[WORK TO COMPLETE]
Starting at the line that contains "- تدوينة الإخباري", write out every line through the last one in the records below, word for word. Leave out any pictures.

⁂

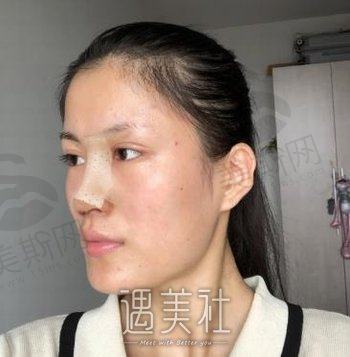 广州美漾医疗美容怎么样？地址在哪？概况介绍+隆鼻案例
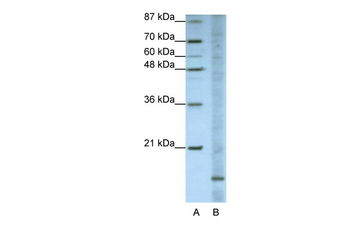 FAM121B Rabbit Polyclonal Antibody
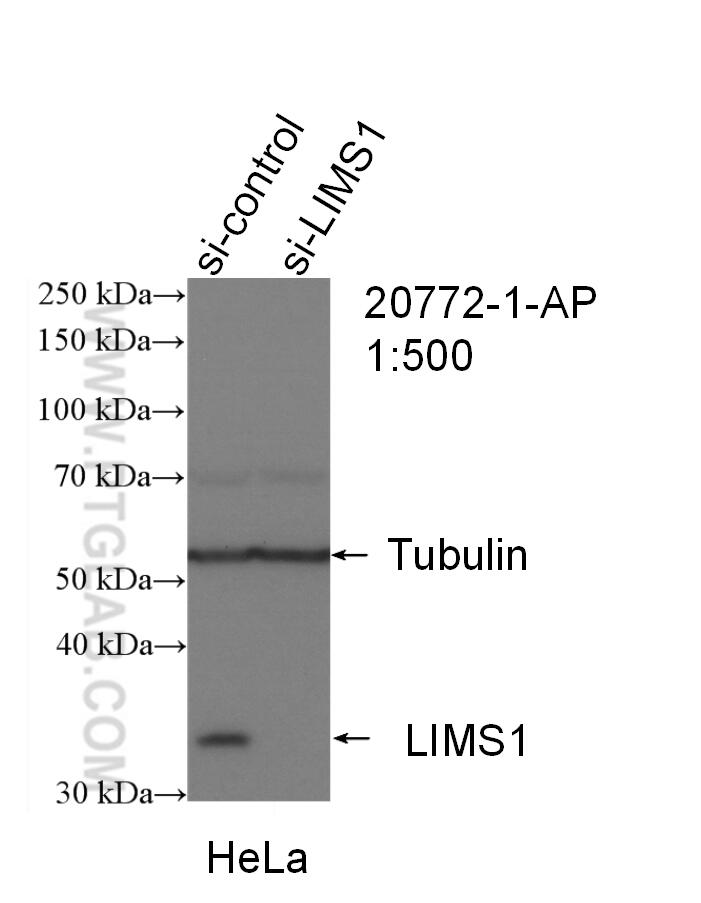 Western Blot (WB) analysis of HeLa cells using LIMS1 Polyclonal antibody (20772-1-AP)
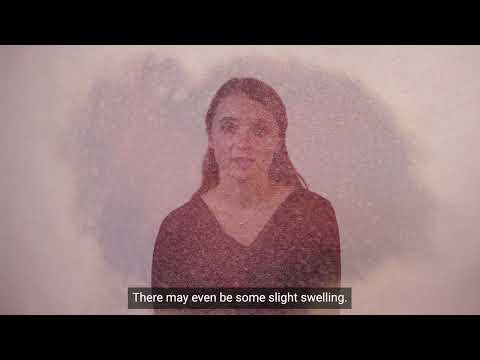 Cardiac Ablations for Abnormal Heart Rhythms: What to Expect After Your Procedure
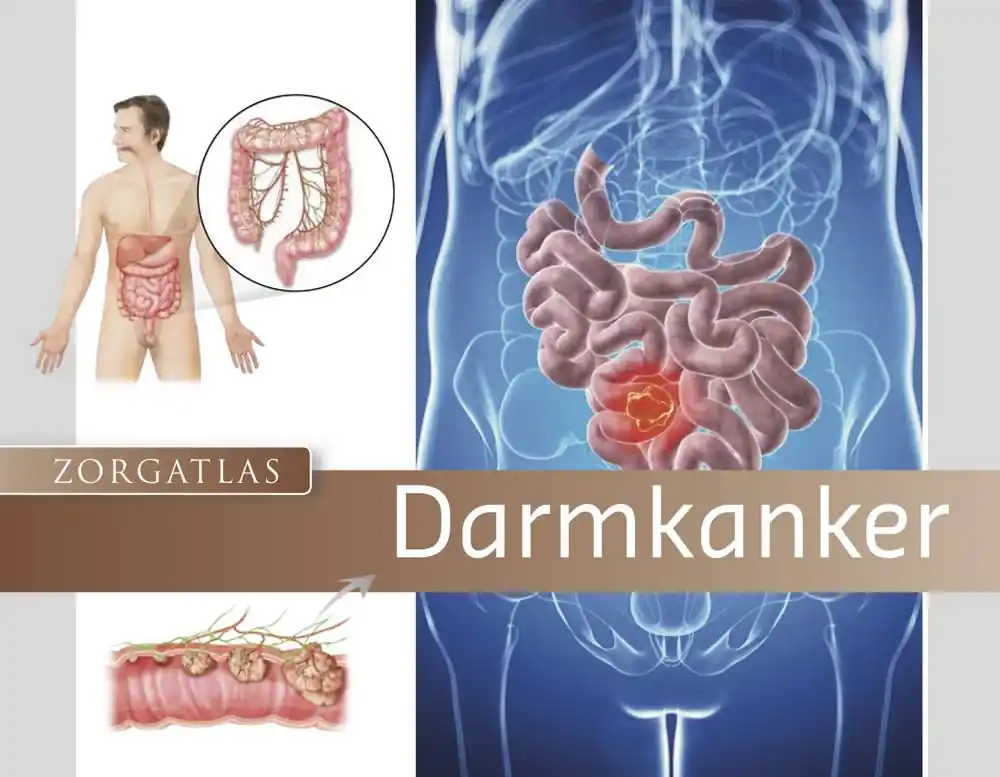 Zorgatlas Darmkanker / Druk 1 Koop Online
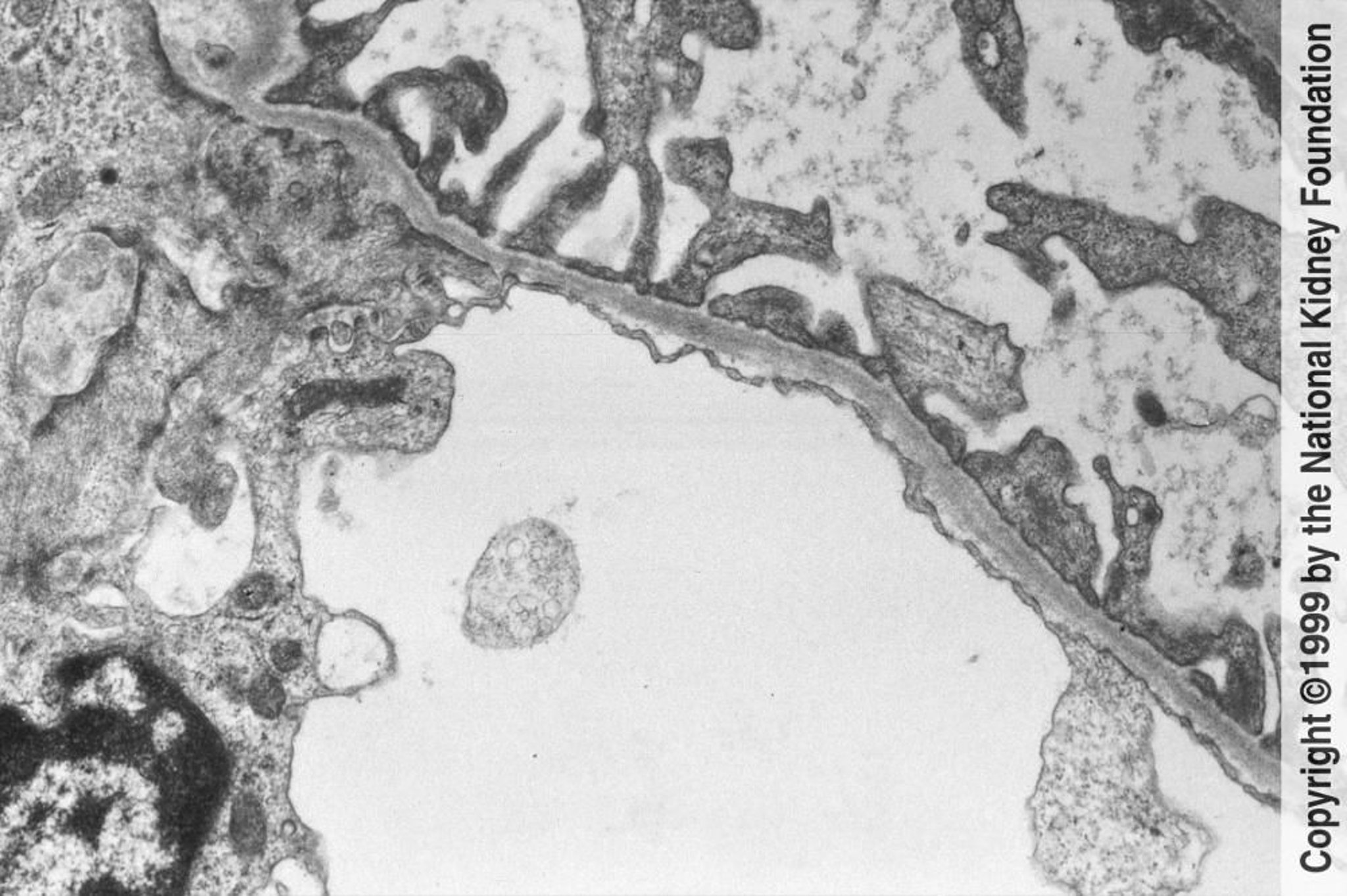 Lésion de la membrane basale mince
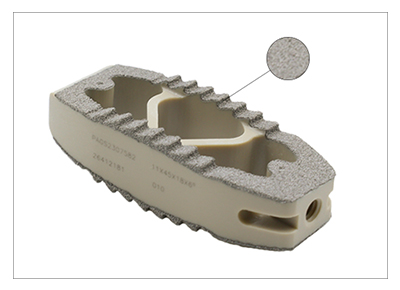 Osseointegration feature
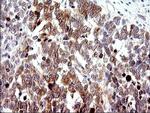 CHAC1 Antibody in Immunohistochemistry (Paraffin) (IHC (P))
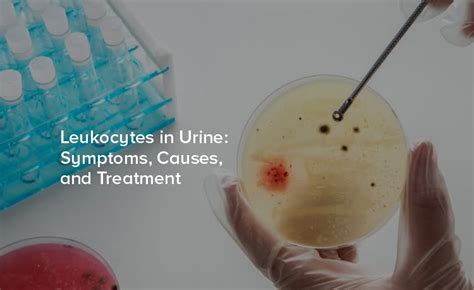 How to cure leukocytes in urine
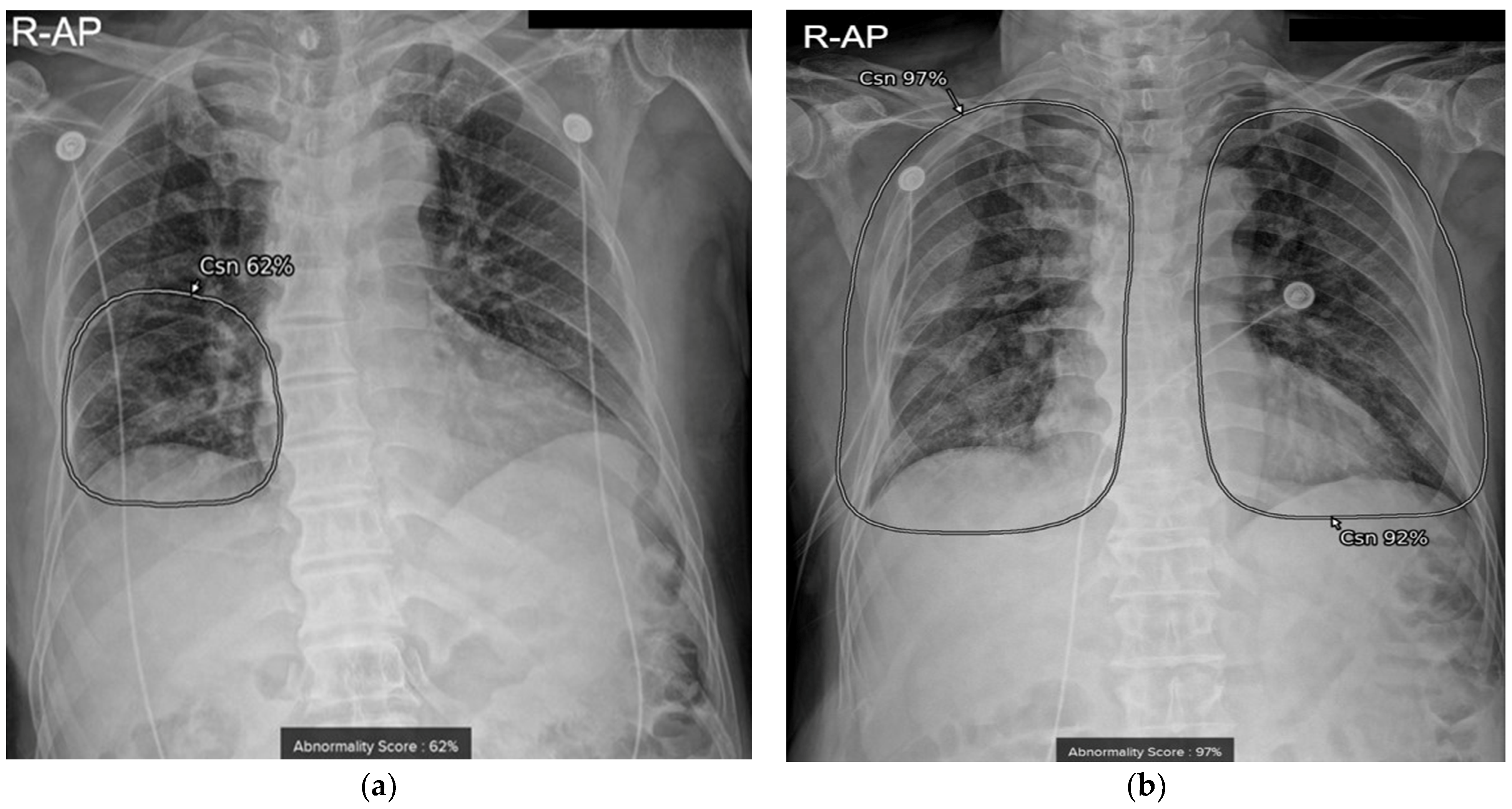 Clinical Implication and Prognostic Value of Artificial 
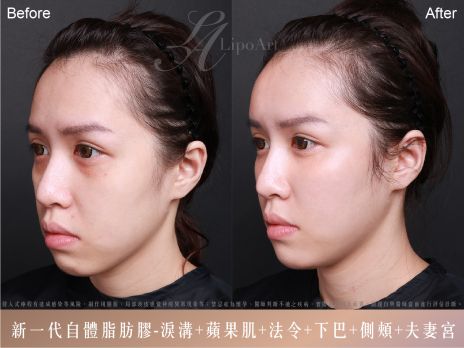 萊波亞 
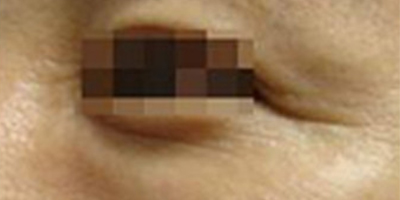 注射去魚尾紋術(shù)后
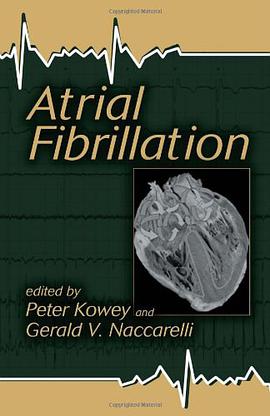 Atrial Fibrillation pdf epub mobi 电子书 下载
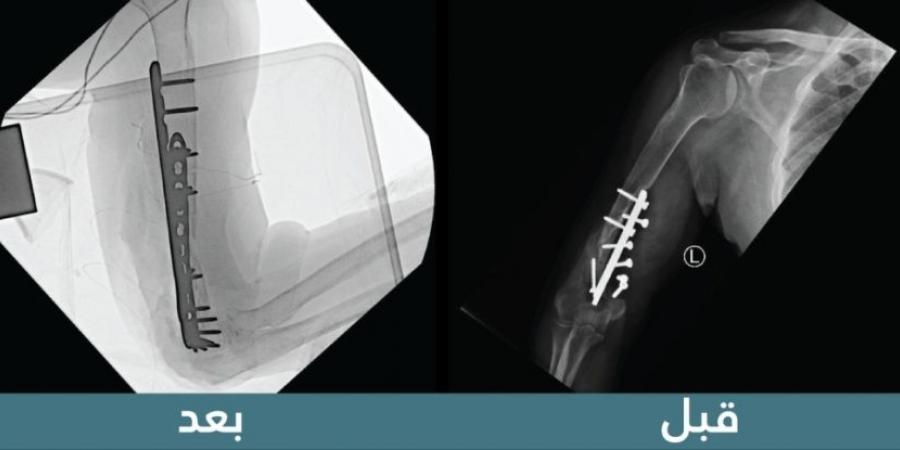 "سعود الطبية" تنهي معاناة استمرت 19 عامًا لمريض فقد حركة الكوع - تدوينة الإخباري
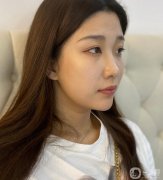 我也想了很久，決定過來做一個(gè)黃金微雕吸脂來解決我的問題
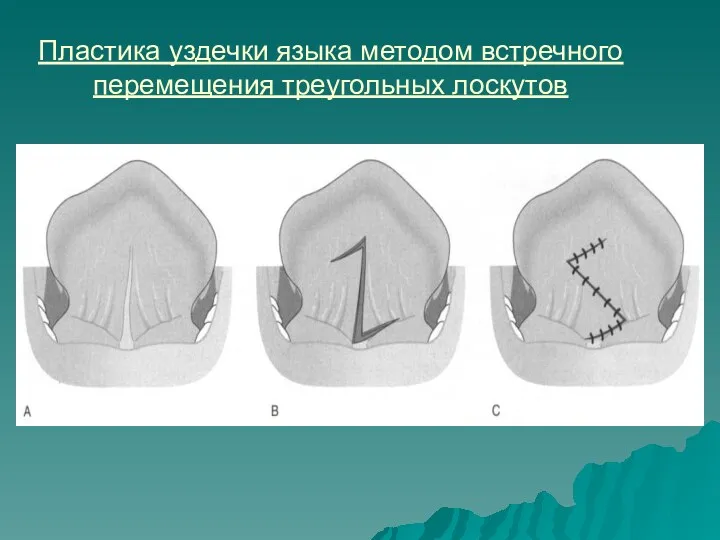 Пластика уздечки языка методом встречного перемещения треугольных лоскутов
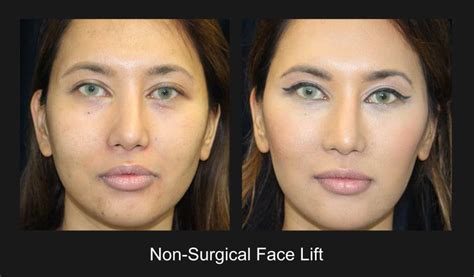 Non Surgical Face Lift Before And After Beverly Hills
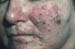 Rosacea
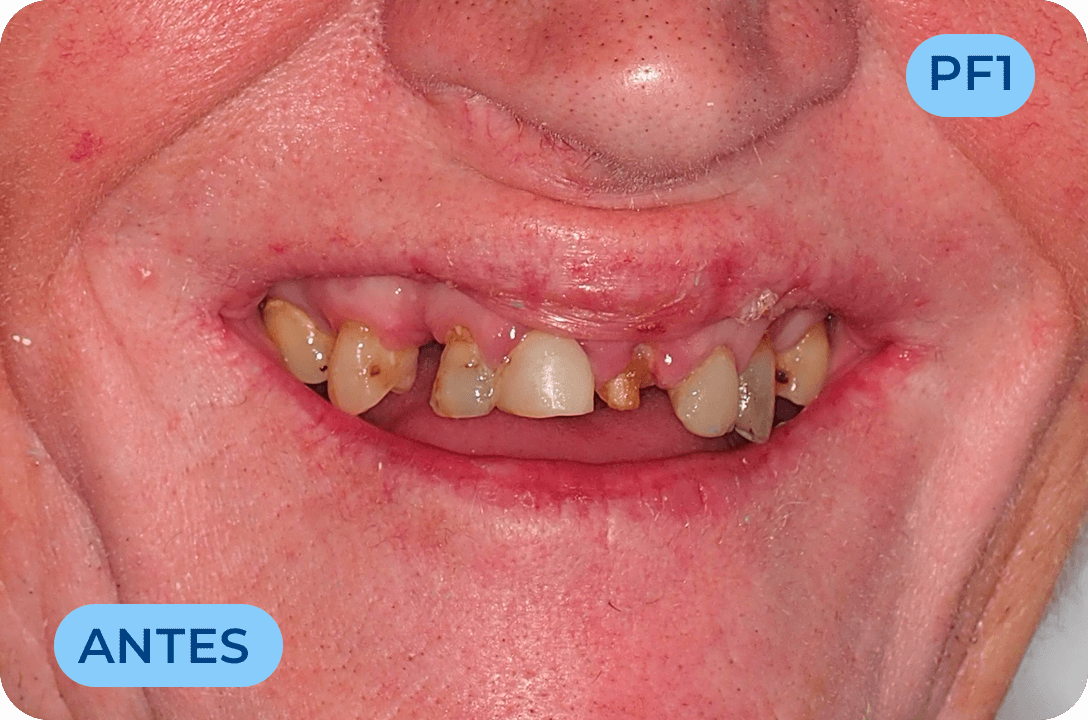 Protese Total Fixa Com Implantes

⁂

[ANSWER SPACE]
 "سعود الطبية" تنهي معاناة استمرت 19 عامًا لمريض فقد حركة الكوع - تدوينة الإخباري
 我也想了很久，決定過來做一個(gè)黃金微雕吸脂來解決我的問題
 Пластика уздечки языка методом встречного перемещения треугольных лоскутов
 Non Surgical Face Lift Before And After Beverly Hills
 Rosacea
 Protese Total Fixa Com Implantes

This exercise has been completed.